Das Gesetz steht auf der Seite des Verbrauchers

Anwaltin Irina An der Kanzlei „Prykhodko & Partneri“ betonte in einem Kommentar an RBC-Ukraine, dass das geltende Verbraucherschutzgesetz solche Streitigkeiten klar regelt. Gemäß Teil 11 des Artikels 10 des Gesetzes begründen zusätzliche Arbeiten oder Dienstleistungen, die vom Dienstleister ohne Zustimmung des Verbrauchers erbracht wurden, keine Zahlungspflicht für diesen.

Dies bedeutet, dass es unrechtmäßig ist, Geld für Reparaturarbeiten oder den Austausch von Teilen zu verlangen, wenn der Kunde nicht darüber informiert wurde und keine Zustimmung erteilt hat. Der entscheidende Faktor ist hier das Fehlen einer vorherigen Absprache über Kosten und Umfang der Arbeiten.

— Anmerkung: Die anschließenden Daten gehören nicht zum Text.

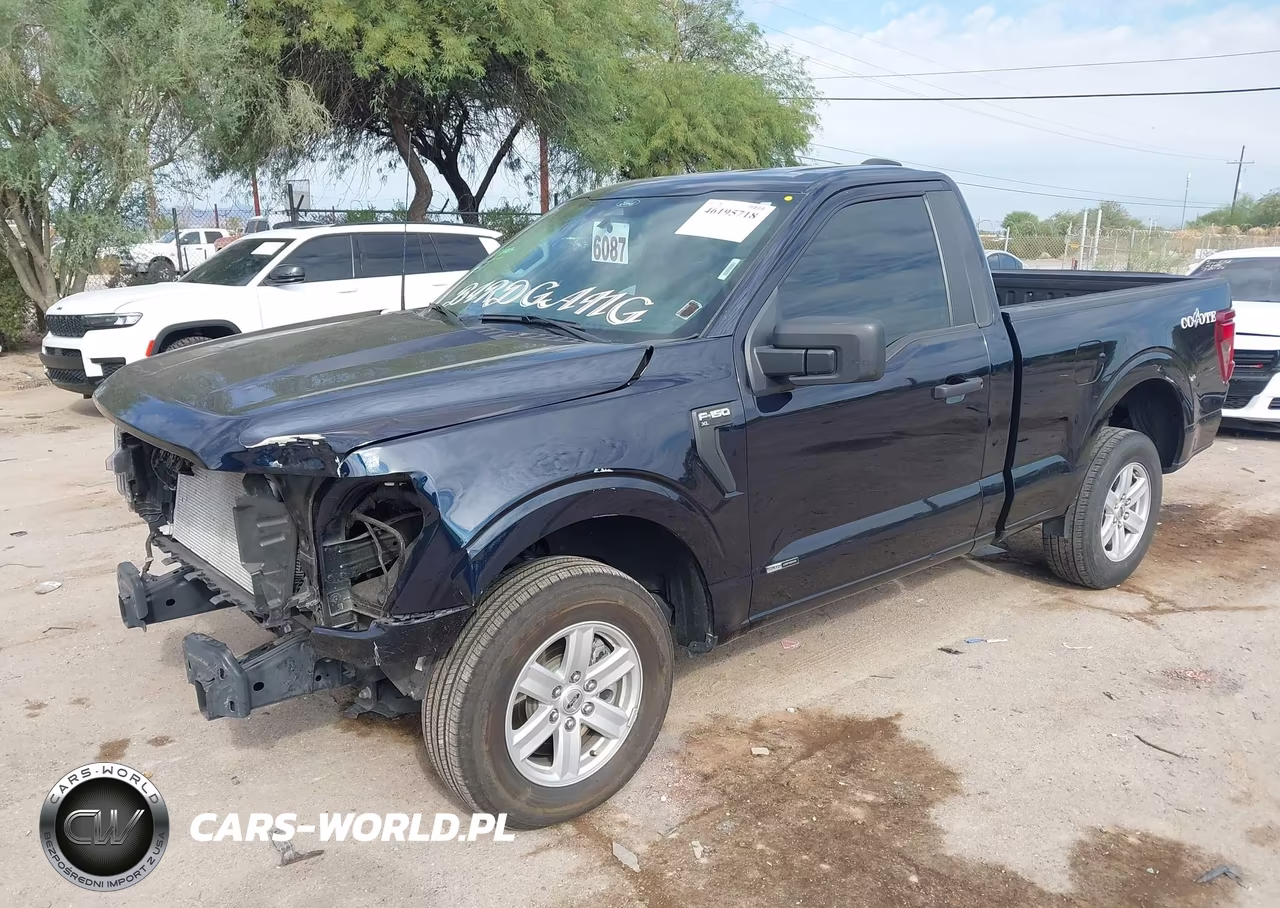 2025 Ford F-150 Xl VIN:1FTMF1K58SKF28732 - 2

Was tun, wenn das Telefon einbehalten wird?

Oft verweigern Reparaturzentren, die versuchen, eine „inoffizielle“ Schuld einzutreiben, die Rückgabe des Geräts an den Besitzer. Die Juristin Irina An stellt fest, dass ein solches Einbehaltung unrechtmäßig ist. Im Falle einer Weigerung, das Gerät zurückzugeben, hat der Verbraucher das volle Recht, bei der Polizei eine Anzeige wegen Weigerung der Rückgabe des Eigentums an den Eigentümer zu erstatten.

Darüber hinaus macht das unrechtmäßige Einbehaltung das Reparaturzentrum für die Sicherheit der Sache verantwortlich. Wenn das Gerät während der Einbehaltung verloren geht oder beschädigt wird, muss das Zentrum den Schaden ersetzen.

Die Pflicht zur Rückgabe des Geräts

Unabhängig von der Existenz von Schulden oder Streitigkeiten ist das Reparaturzentrum verpflichtet, das Gerät dem Besitzer zurückzugeben. Wenn die Rückgabe aus irgendeinem Grund nicht möglich ist, muss das Unternehmen den Wert des Gadgets vollständig kompensieren. Das Gesetz schützt das Eigentumsrecht des Bürgers, und keine internen Regeln des Dienstleisters können dies aufheben.

Experten erinnern daran, dass es bei solchen Situationen wichtig ist, Quittungen, Verträge und alle schriftlichen Bestätigungen des Besuchs im Service zu bewahren. Dies hilft, den Mangel an Zustimmung für zusätzliche Arbeiten zu beweisen und die eigenen Rechte zu schützen.